((
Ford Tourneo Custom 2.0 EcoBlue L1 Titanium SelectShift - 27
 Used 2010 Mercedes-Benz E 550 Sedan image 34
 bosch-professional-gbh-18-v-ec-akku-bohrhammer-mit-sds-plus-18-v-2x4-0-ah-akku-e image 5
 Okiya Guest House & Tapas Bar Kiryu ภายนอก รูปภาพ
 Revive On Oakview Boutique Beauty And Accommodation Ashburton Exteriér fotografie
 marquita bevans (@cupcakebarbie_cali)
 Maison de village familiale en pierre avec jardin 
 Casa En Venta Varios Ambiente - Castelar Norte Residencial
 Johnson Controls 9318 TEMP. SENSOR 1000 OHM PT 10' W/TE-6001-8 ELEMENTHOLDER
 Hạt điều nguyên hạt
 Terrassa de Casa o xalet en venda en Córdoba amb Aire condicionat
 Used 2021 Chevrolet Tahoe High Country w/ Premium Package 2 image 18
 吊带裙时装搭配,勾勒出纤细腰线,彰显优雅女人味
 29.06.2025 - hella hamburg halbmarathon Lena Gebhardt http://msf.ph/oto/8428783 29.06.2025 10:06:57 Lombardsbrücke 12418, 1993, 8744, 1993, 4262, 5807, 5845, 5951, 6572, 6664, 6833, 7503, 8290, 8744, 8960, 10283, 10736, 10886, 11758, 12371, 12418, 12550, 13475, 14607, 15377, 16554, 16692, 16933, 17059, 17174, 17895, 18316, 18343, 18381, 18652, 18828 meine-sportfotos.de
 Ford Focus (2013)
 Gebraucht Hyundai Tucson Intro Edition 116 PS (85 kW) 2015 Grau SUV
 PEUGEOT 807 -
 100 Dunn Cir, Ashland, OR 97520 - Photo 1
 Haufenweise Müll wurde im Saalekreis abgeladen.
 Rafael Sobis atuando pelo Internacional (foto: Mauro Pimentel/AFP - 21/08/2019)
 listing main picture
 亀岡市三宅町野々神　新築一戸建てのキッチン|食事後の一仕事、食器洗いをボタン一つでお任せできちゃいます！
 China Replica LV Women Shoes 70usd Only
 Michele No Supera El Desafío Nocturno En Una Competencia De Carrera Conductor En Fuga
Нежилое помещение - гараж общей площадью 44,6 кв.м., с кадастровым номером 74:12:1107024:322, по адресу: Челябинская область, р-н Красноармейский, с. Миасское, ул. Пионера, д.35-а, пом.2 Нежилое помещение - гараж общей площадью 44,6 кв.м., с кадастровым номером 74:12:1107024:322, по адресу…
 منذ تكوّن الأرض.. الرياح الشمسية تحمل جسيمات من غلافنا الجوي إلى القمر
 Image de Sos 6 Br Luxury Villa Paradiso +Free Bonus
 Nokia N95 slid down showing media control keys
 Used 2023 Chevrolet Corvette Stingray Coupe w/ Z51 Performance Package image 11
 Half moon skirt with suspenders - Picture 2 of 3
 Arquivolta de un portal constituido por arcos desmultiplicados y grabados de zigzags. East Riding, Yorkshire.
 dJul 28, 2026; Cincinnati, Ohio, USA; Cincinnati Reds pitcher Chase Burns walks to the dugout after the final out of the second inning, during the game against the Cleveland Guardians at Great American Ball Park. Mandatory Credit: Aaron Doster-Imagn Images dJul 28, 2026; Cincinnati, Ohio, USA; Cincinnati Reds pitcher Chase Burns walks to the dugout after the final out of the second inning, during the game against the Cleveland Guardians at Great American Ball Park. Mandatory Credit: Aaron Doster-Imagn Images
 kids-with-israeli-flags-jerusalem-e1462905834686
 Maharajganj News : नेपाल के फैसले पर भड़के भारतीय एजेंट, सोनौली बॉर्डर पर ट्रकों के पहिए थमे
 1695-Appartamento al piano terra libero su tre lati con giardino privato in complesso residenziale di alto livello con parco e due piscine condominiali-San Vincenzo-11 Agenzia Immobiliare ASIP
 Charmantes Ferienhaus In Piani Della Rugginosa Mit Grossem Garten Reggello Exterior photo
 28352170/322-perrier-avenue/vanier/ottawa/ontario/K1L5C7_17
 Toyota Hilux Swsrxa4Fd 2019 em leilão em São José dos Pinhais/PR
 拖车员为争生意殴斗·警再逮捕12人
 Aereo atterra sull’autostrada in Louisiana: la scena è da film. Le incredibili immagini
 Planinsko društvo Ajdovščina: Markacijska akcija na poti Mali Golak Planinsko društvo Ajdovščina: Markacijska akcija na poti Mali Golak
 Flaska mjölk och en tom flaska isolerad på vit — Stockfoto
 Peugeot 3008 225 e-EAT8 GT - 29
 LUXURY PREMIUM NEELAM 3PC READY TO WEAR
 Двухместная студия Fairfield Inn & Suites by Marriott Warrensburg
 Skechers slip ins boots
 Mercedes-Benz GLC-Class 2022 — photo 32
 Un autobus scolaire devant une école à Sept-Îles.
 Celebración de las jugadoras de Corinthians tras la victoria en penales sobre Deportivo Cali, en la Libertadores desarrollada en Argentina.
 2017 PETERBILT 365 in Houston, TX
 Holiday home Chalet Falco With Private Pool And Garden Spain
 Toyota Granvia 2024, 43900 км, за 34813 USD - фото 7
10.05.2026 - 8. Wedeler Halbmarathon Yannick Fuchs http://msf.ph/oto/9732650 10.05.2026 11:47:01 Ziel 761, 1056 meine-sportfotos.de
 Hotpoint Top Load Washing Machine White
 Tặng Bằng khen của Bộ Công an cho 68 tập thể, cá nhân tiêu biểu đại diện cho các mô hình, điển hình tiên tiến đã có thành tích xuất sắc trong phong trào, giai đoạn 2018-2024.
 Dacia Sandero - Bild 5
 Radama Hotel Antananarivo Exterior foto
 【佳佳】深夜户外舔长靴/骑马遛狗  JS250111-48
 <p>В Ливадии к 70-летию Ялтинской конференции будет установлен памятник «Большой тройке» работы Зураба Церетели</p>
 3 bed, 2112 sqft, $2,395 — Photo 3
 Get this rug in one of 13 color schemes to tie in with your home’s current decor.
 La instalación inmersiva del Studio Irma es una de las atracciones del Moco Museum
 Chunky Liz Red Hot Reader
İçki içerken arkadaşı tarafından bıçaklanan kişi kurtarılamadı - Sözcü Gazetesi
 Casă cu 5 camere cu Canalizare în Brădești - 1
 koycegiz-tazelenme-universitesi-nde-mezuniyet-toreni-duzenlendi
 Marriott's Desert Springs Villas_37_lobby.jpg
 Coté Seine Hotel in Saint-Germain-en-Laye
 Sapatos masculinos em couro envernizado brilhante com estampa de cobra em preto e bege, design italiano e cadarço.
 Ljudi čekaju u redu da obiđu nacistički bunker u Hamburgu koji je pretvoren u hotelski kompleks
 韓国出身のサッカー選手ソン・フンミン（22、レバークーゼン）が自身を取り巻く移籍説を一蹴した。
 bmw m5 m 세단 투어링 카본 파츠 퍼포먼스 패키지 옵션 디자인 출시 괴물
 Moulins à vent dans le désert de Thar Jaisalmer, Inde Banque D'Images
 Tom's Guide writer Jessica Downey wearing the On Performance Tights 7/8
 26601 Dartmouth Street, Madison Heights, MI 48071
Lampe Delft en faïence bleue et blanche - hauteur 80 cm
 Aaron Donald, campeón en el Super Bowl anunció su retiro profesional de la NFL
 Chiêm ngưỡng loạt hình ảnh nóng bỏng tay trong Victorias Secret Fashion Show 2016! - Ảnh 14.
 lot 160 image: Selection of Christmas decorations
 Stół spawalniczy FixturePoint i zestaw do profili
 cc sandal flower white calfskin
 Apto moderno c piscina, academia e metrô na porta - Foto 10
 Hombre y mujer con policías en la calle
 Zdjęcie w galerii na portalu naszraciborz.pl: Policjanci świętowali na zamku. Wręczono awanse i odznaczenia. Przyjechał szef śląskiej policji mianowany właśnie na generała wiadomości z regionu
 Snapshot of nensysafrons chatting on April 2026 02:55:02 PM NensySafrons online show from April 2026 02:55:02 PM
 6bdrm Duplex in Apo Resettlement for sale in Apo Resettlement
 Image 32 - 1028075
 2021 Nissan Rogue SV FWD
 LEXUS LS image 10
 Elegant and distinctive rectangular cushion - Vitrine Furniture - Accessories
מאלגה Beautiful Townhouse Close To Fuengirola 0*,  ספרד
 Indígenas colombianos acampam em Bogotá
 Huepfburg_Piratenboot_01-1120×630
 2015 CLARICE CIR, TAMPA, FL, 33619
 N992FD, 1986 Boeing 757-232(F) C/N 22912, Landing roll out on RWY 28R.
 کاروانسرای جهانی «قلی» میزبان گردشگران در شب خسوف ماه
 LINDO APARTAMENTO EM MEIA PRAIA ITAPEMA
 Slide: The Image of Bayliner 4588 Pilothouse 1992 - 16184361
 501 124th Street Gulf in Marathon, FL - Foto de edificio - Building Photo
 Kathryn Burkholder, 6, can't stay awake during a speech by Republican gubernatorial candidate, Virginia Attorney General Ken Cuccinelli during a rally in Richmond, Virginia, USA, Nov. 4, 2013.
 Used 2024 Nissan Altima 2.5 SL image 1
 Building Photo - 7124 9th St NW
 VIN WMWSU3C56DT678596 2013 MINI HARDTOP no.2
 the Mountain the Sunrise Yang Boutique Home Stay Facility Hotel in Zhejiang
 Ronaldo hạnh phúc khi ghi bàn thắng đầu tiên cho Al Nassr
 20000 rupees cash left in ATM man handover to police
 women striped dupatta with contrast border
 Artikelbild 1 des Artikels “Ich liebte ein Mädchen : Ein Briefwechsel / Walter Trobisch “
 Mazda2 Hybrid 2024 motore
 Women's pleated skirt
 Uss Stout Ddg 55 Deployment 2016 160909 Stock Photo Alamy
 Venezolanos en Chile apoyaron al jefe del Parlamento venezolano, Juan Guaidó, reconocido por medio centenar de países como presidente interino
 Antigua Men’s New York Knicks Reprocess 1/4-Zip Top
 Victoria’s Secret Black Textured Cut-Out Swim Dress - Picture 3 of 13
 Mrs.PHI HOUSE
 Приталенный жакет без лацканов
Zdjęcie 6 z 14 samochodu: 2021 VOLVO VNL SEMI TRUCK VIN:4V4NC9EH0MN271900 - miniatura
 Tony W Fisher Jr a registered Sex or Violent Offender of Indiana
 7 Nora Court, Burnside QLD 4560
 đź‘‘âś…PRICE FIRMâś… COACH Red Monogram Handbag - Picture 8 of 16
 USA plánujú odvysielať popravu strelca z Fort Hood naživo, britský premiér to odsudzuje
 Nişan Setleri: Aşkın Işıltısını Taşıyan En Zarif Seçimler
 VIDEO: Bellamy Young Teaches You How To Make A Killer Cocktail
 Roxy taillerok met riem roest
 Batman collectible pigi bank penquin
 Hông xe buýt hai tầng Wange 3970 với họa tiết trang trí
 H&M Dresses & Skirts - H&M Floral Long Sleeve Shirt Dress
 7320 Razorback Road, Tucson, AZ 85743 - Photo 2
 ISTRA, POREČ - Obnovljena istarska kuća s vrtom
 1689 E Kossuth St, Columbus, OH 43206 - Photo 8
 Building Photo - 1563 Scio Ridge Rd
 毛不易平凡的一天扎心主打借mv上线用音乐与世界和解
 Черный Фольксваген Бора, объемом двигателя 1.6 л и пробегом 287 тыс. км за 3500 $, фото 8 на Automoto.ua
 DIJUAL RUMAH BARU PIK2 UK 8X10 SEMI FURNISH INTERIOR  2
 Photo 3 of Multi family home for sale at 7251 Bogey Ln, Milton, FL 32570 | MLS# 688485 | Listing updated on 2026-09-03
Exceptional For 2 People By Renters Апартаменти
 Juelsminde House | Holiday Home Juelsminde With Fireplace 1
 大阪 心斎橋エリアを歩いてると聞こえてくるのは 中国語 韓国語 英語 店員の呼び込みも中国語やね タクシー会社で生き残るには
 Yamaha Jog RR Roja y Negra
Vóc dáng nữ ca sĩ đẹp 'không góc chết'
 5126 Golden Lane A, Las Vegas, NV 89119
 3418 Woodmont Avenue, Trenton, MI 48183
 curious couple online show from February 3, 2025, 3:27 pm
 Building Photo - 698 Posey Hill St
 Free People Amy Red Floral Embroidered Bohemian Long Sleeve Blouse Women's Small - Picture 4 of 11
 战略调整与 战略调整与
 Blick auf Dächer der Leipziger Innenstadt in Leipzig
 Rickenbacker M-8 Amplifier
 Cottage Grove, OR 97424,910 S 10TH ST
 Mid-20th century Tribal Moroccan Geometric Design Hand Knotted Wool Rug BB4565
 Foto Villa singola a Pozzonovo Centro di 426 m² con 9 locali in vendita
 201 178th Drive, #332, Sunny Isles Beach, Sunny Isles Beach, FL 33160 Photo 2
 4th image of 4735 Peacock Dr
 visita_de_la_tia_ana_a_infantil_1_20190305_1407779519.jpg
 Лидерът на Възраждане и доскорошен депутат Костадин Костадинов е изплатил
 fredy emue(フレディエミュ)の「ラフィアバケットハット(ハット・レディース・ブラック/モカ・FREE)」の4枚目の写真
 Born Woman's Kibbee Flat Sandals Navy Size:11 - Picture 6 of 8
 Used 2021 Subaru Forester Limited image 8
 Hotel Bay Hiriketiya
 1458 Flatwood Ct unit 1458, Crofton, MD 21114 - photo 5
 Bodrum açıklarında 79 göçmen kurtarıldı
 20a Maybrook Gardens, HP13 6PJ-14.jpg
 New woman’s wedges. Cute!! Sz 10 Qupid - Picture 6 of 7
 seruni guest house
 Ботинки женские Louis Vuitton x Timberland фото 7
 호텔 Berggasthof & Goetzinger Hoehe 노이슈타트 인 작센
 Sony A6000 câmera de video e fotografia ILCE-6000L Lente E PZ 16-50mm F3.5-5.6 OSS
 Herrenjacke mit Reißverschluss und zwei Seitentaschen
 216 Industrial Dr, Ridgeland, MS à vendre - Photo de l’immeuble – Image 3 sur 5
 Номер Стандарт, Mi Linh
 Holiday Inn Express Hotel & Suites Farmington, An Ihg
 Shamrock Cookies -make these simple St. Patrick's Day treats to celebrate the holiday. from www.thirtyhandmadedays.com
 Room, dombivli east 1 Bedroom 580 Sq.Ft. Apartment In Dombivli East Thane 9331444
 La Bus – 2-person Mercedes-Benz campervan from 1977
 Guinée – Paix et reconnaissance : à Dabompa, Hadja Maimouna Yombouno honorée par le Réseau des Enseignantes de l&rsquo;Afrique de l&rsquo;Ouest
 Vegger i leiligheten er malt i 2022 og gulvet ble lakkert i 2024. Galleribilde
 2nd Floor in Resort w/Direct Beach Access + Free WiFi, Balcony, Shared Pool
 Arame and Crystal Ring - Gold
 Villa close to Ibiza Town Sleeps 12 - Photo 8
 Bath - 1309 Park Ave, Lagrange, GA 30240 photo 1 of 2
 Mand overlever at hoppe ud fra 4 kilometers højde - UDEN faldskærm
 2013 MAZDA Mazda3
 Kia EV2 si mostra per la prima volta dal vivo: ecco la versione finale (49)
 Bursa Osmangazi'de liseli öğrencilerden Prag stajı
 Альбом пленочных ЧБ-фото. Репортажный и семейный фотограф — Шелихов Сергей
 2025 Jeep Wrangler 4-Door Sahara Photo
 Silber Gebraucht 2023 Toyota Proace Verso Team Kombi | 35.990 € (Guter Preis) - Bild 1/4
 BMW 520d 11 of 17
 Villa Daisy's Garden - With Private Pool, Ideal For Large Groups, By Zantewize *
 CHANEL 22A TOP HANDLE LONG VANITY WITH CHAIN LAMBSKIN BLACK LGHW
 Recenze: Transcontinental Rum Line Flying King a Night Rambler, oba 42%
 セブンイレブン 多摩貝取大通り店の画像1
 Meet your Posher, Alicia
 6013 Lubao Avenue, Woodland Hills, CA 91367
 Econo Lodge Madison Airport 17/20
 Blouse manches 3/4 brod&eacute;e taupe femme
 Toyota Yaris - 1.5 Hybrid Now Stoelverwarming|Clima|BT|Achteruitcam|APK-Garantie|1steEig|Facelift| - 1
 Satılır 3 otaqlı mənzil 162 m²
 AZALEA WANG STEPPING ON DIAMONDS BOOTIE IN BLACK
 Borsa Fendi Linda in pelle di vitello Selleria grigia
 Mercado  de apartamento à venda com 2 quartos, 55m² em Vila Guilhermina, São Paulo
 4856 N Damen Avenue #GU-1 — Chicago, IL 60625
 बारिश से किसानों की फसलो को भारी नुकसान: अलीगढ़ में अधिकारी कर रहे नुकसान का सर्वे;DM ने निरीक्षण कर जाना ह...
))
▶ What the exercise asks
When a line in the data contains the string "Benz", copy that line.

▶ Result for this task
 Used 2010 Mercedes-Benz E 550 Sedan image 34
 Mercedes-Benz GLC-Class 2022 — photo 32
 La Bus – 2-person Mercedes-Benz campervan from 1977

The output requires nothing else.